Students in Jessica McDonald's American Sign Language class sign together.
Wasatch County School District
Wasatch High School

A new course at Wasatch High School is teaching students to engage with the Deaf community through American Sign Language.

About 70 freshmen and sophomores are taking ASL this year. Over 100 students wanted to take the class - some to communicate with family members, and others simply to broaden their language horizons.

Jessica McDonald is the teacher. She says the class is off to a great start, and she tries to make it fun for students. With no spoken words in the language, it involves a lot of showing, rather than just telling.

“It’s surprising for a high school classroom,” McDonald says. “They are quiet, they are silent and they watch me. We play a lot of games to reinforce the vocab that we've learned. I act out a lot — I get super sweaty, because I'm acting and I'm up on chairs, and I'm up on the table so that the students can see me.

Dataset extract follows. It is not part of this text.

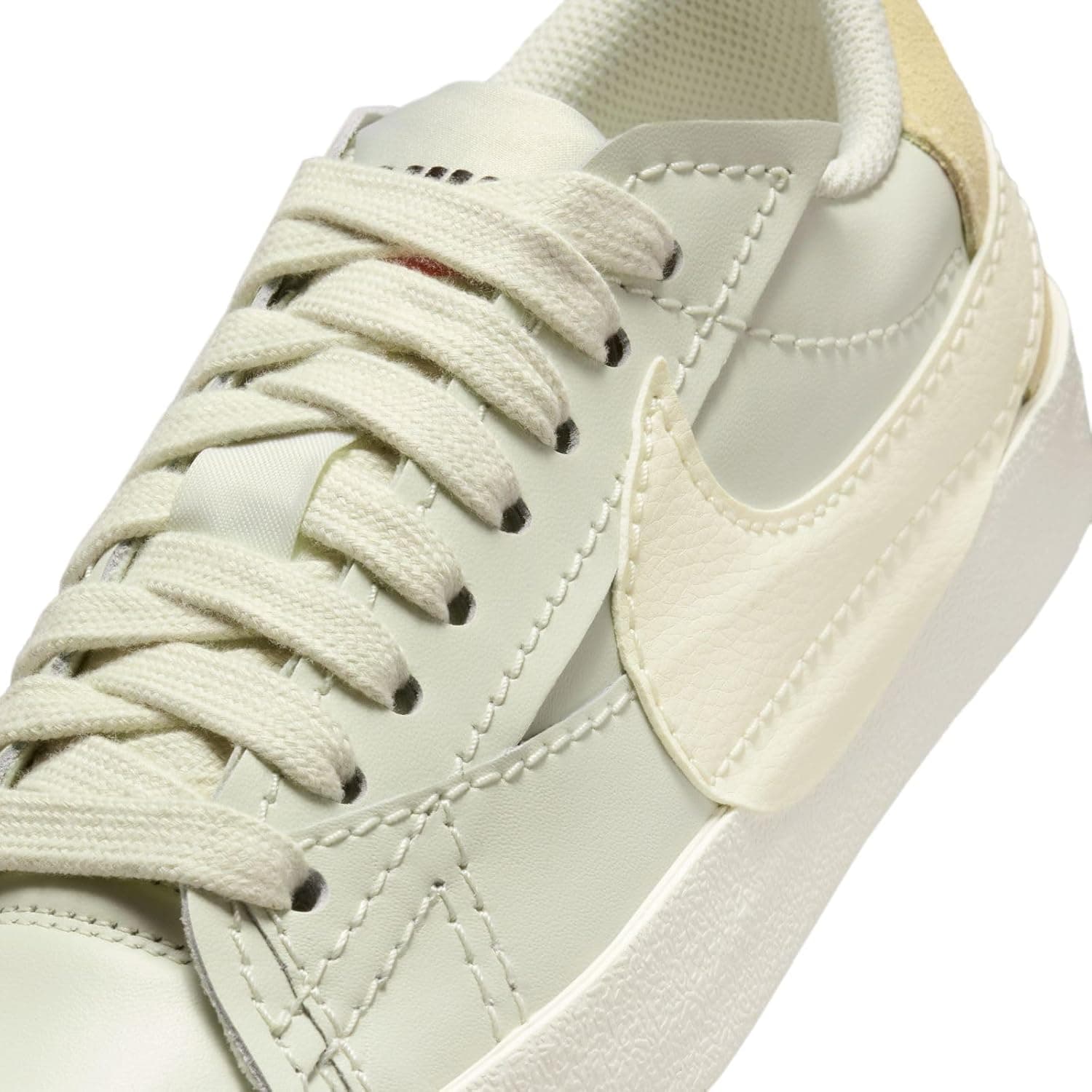 کفش کتانی روزمره Nike چرم صورتی مدل Blazer Low '77 Jumbo کفش کتانی روزمره Nike چرم صورتی مدل Blazer Low '77 Jumbo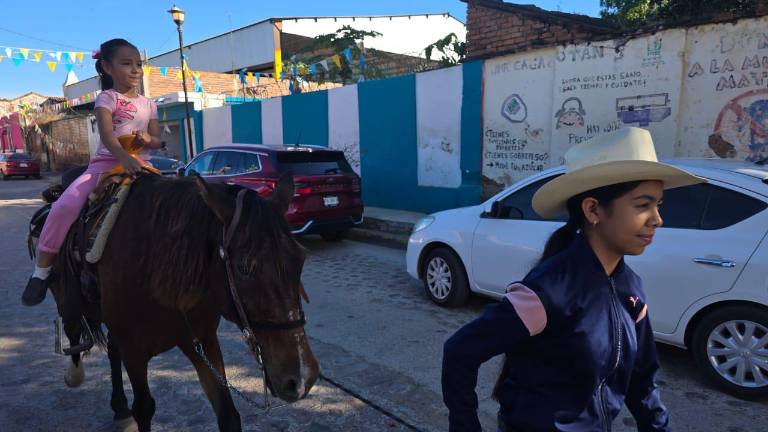 Paseos a caballo apoyan a escuela de charrería en Cacalotán.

We just have a lot of fun.”

Sophomore Sloane Ellingford, who took Japanese last year, says it’s a totally different learning experience with more active learning than following a textbook or notes. One main difference is that signing relies on facial expressions to help convey messages.

She says she loves the language itself. She looks forward to using it to communicate with deaf people and may be interested in using it in a future career.

“I’ve been interested in it for a while and on my own time learning things like the alphabet and a couple animals and colors, because I want to be able to teach deaf kids, hopefully, when I'm older," Ellingford says. "It's much more helpful to have a teacher than to learn it by myself.”

She says she’s recommended friends take the class as well.

McDonald says learning the language means more than having a new way to simply communicate with deaf people, who experience life a different way.

“It teaches kids empathy,” the teacher says. “I love that it teaches students to look at a person for their strengths, and to look at a person in a different way to see them as capable and as having something to offer. They're not better than or less than, they're just different, and we can love and accept them for all that they have to give and all that they have to offer. That's what I'm most passionate about — these kids may or may not ever go into anything that uses ASL, but I hope that they see people in a different way.”

With the high demand, McDonald hopes the class will grow to accommodate more students.

“The students in my class are having fun, they're telling their friends, [I hope] that we can develop this into a thriving program here at Wasatch High. I think it'll be great,” McDonald says.

Students this year may meet general year-one foreign language standards like greetings, the alphabet, colors, animals and simple communicative sentences. McDonald says a second year would be designed to teach more elaborate, conversational dialog.